++++ Recorded data
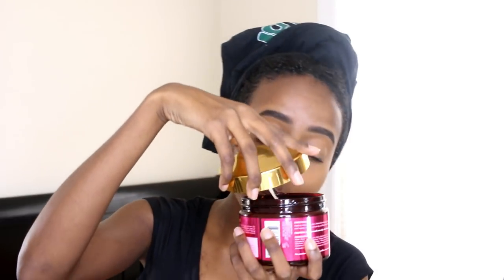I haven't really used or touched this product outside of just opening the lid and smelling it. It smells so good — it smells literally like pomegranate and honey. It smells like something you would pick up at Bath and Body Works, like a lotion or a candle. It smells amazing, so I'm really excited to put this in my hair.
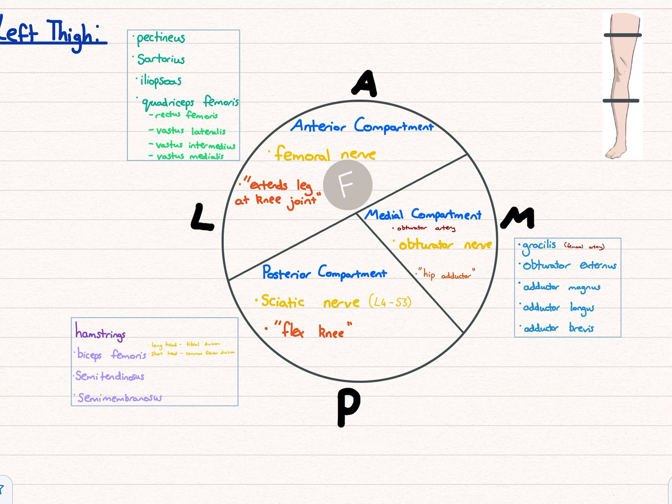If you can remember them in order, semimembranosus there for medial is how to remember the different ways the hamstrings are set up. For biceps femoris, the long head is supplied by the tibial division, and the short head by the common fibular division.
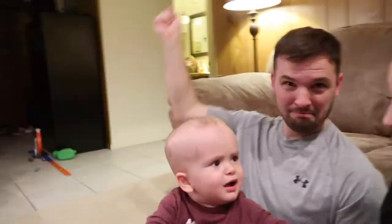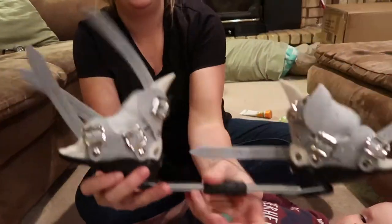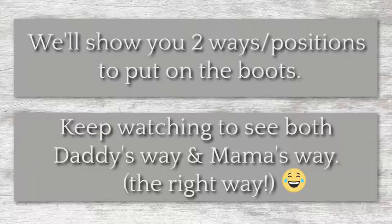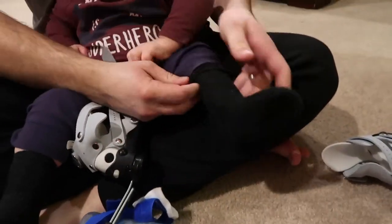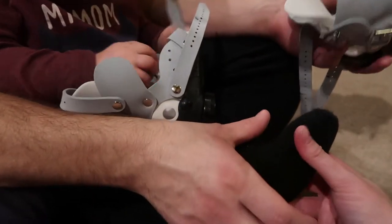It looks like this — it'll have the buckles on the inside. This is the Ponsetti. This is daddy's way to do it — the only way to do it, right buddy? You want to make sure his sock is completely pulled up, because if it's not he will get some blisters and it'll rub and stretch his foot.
++++++++
▶ [Problem details] Print out all the material word for word but exclude any images.

▶ [Solution below]
I haven't really used or touched this product outside of just opening the lid and smelling it. It smells so good — it smells literally like pomegranate and honey. It smells like something you would pick up at Bath and Body Works, like a lotion or a candle. It smells amazing, so I'm really excited to put this in my hair.
If you can remember them in order, semimembranosus there for medial is how to remember the different ways the hamstrings are set up. For biceps femoris, the long head is supplied by the tibial division, and the short head by the common fibular division.
It looks like this — it'll have the buckles on the inside. This is the Ponsetti. This is daddy's way to do it — the only way to do it, right buddy? You want to make sure his sock is completely pulled up, because if it's not he will get some blisters and it'll rub and stretch his foot.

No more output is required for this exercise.